And so, Ipswich, a team that really struggle to create or score goals, find themselves 2-0 up inside 11 minutes.
This, against a Bristol Rovers side who don’t score many and came into the game having lost 16 of their previous 22 games.
It should have been a cruise to the finish line from there. Sadly, it wasn’t.
When Dozzell received the short ball from keeper Holy in a deep central position he was put under immediate pressure by Luke McCormick.
The Blues midfielder, unaware of what was around him, turned straight into trouble and was dispossessed by Jonah Ayunga.

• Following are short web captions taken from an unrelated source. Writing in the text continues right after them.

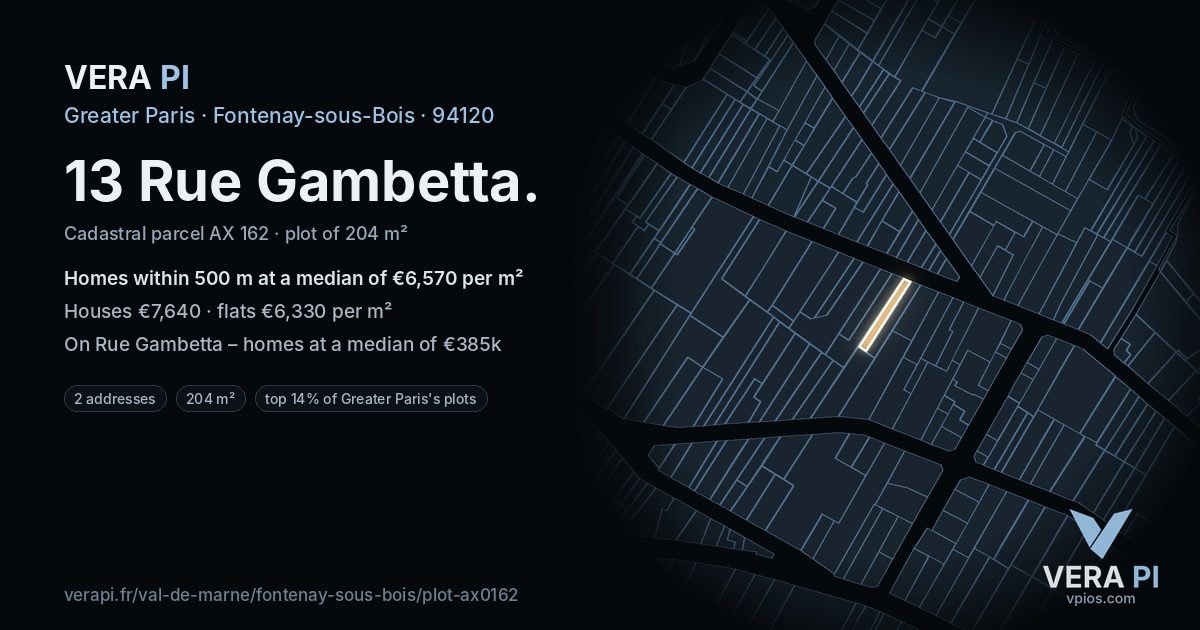 13 Rue Gambetta, Fontenay-sous-Bois at night – the plot lit, the parcels around coloured by the prices near them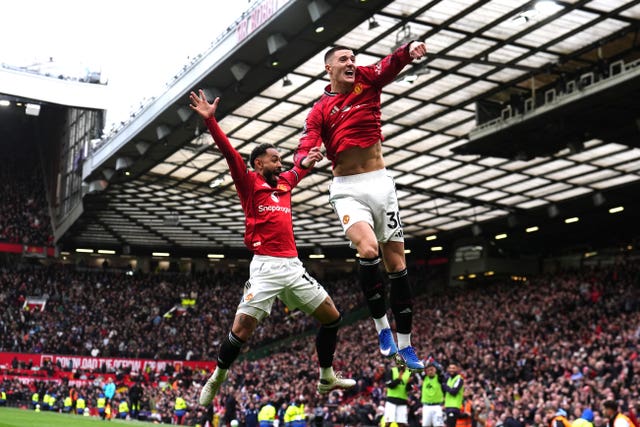 Benjamin Sesko (right) celebrates with Matheus Cunha after scoring Manchester United's third goal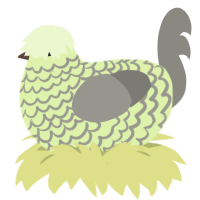A apple and ash chicken with a lace pattern
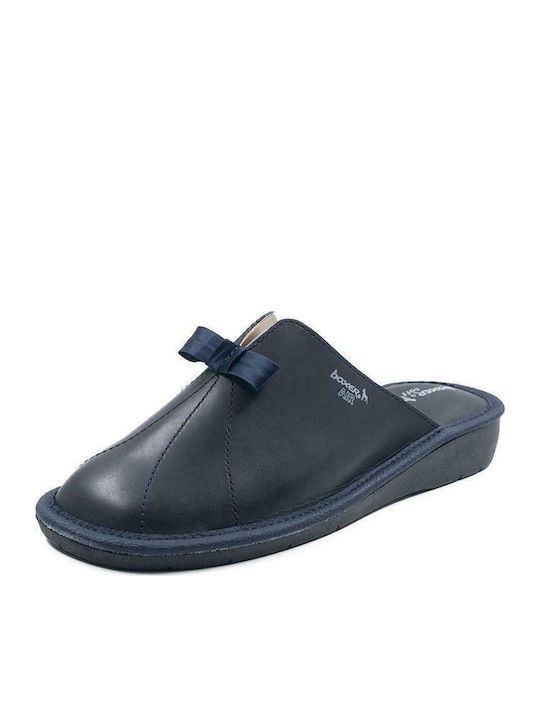 Anatomical Leather Women's Slippers Navy Blue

McCormick seized on the loose ball and chipped over the advanced keeper.
An error, no doubt, but it happens.
Town should be more capable of shrugging off such set-backs and sticking to the task.

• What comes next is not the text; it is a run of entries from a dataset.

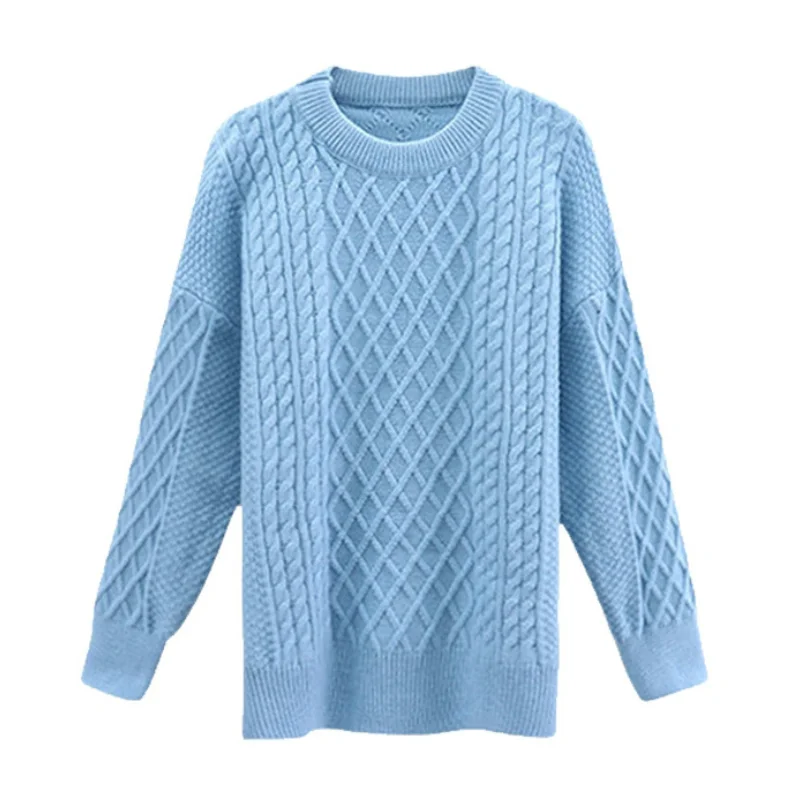 

BEAUTANA Pullover Sweater 2021 Autumn Winter Solid Criss Cross Twist Long Sleeve O Neck Women Top Kawaii Japanese Streetwear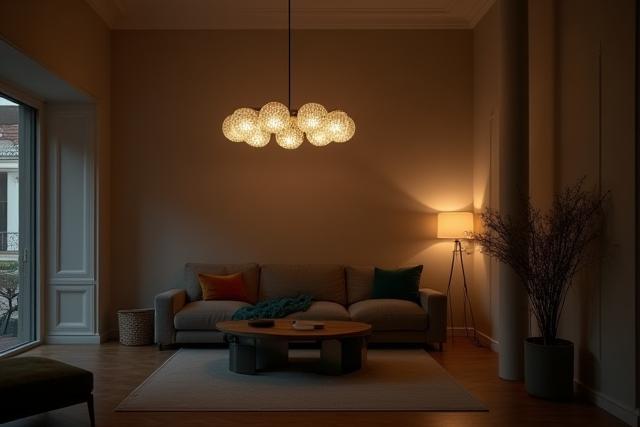 Stilfull lysinstallasjon i et moderne stueområde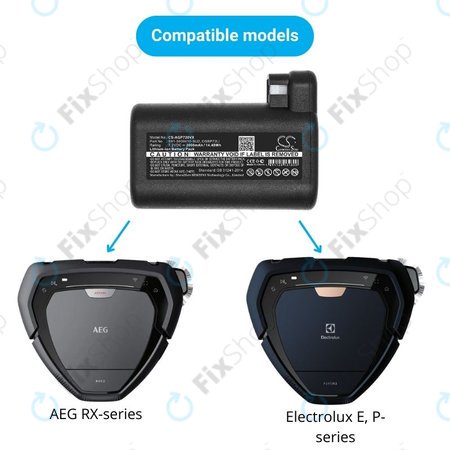 AEG RX-series, Electrolux E, P-series - Akku Batterie S91-0400410-SU2, OSBP72LI, OSBP72LI25 Li-Ion 2000mAh HQ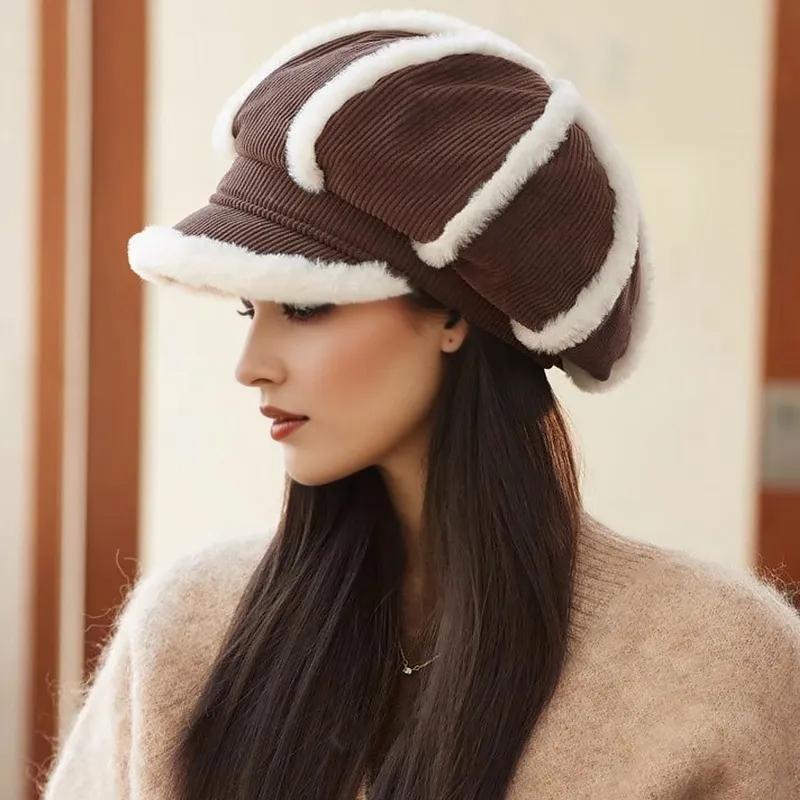 1PC Plush-Lined Gift Corduroy Material Versatile Beret Exquisite Thickened Design Warmth Accessories Elegant 56-58cm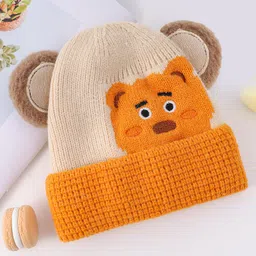 Babyhug Woollen Cap With Bear Face & Ear Applique Orange - Diameter 10 cm-picture-13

Instead, any little bumps in the road like this seem to cause cracks to quickly appear.
As Cook has so astutely pointed out, you watch this team just waiting for something to go wrong. There’s always an edginess in the air.
Holy charged off his line and clattered into Ayunga outside the box. He was perhaps fortunate to escape with just a booking.

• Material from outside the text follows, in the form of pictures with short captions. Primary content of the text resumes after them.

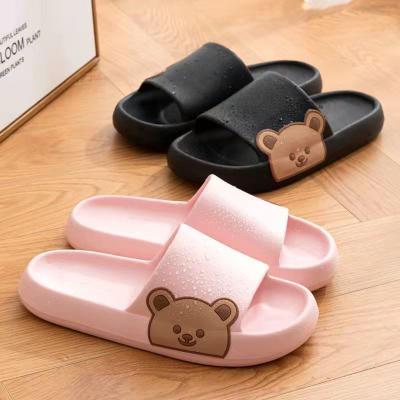 China Height Increasing Lovely Cartoon Bear Printed Non-slip Summer Home Showerroom Beach Slippers Men Women Could Slides for sale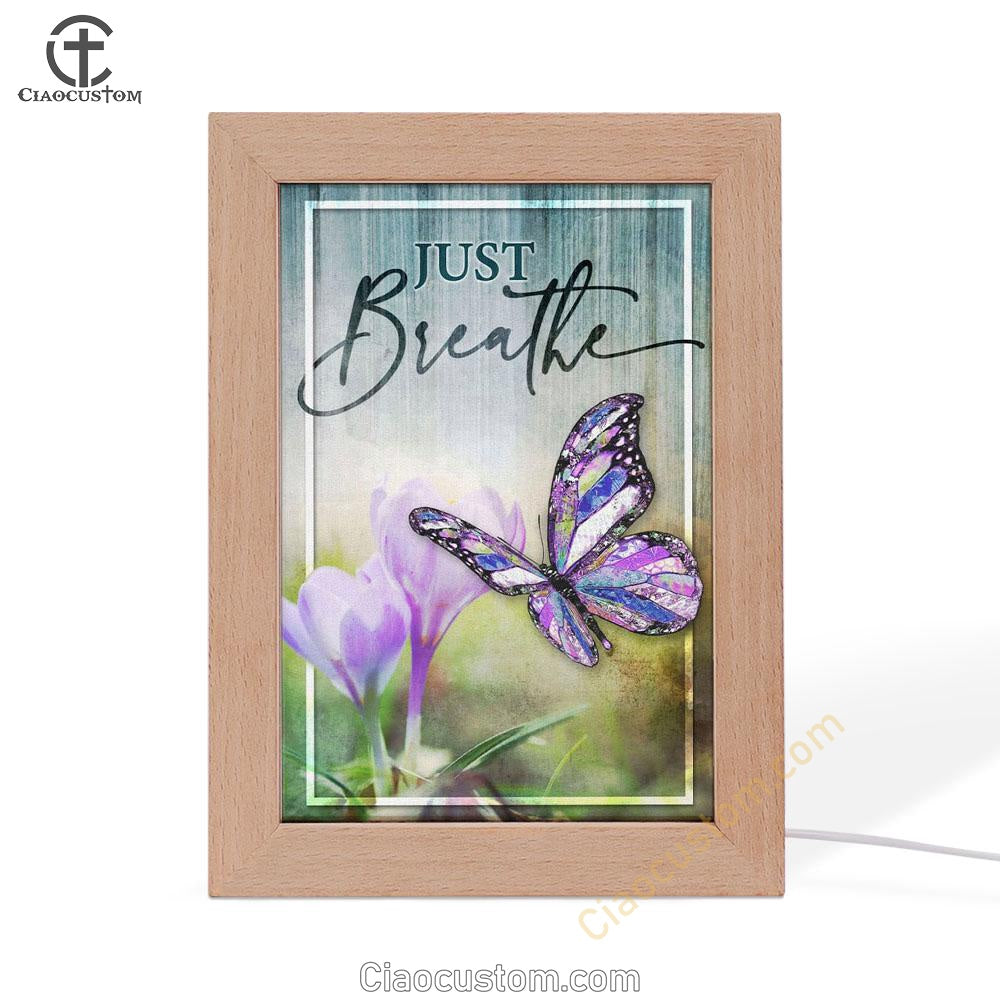 Christian Just Breathe Butterfly Frame Lamp Prints - Bible Verse Wooden Lamp - Scripture Night Light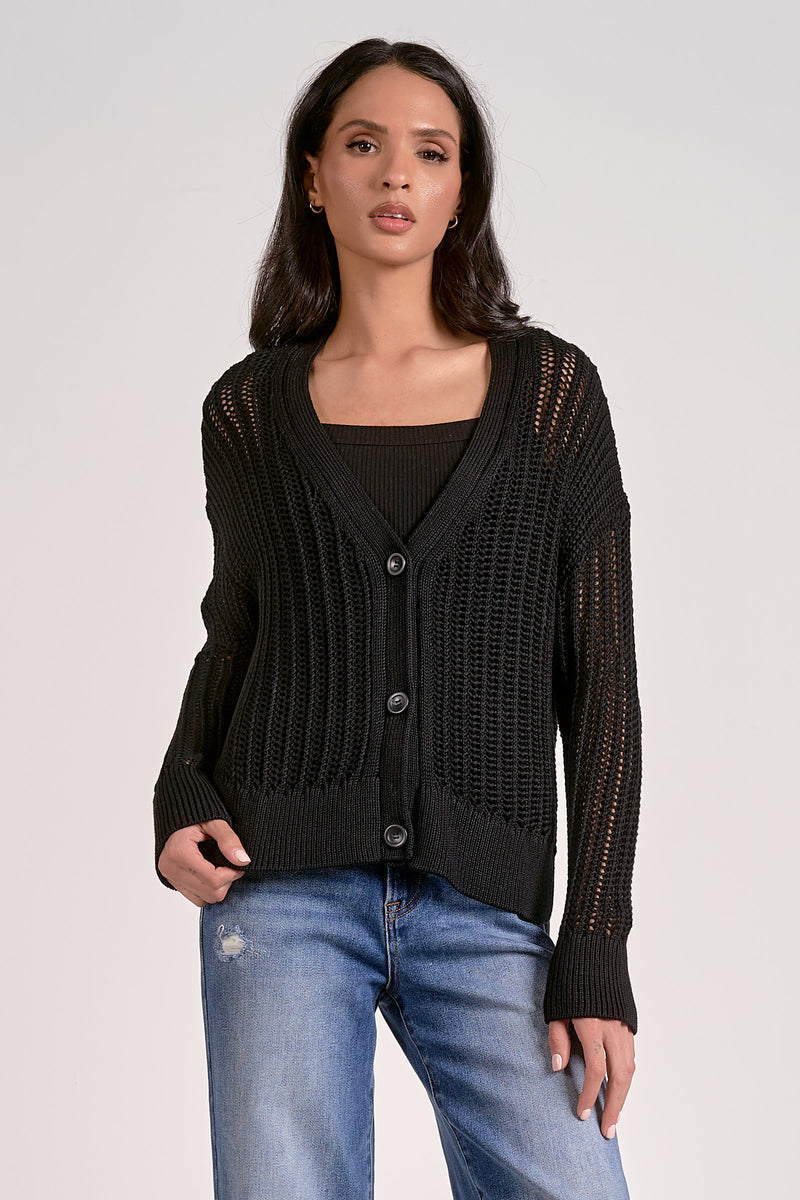 ELAN OPEN KNIT CARDIGAN - BLACK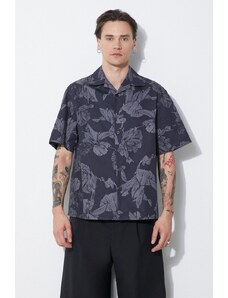 Bavlněná košile Neil Barrett Boxy Bold Flowers Print Short Sleeve Shirt šedá barva, regular, MY60214A-Y059-763N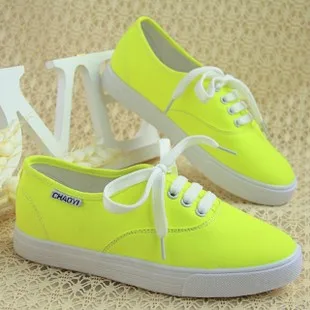 neon canvas shoes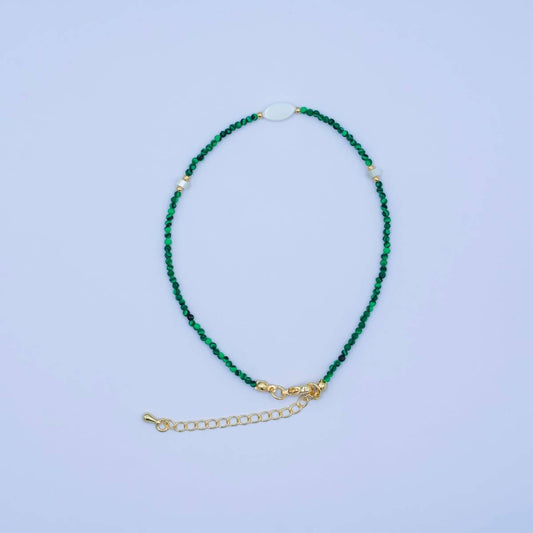 24K Gold Filled 2mm Shell Pearl Malachite Multifaceted Gemstone 9 Inch Anklet Bracelet | WA-2946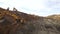 RUSSIA ST.PETERBURG- 28 FEBRUARY: Aerial shot of excavators level the soil, new pipeline construction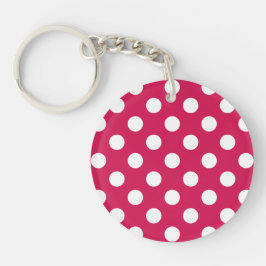 Witte polka stippen op kermis sleutelhanger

Moments later, McCormick lashed over after a neat cushioned header down in the box from Baldwin as Town increasingly looked ragged.
Then, with 38 minutes on the clock, McCormick was inches away from an equaliser when meeting a cross from the right on the run.
The Blues could count themselves lucky to be ahead at the break.
And they rode their luck a little after the restart before the game drifted slowly and boringly towards its final conclusion.
Cook's right, it is painful to watch. More and more people will be deciding their £10 could be better spent elsewhere.
Paul Cook, a staunch 4-2-3-1 man throughout his managerial career, decided that it was time to try something different in the search for goals.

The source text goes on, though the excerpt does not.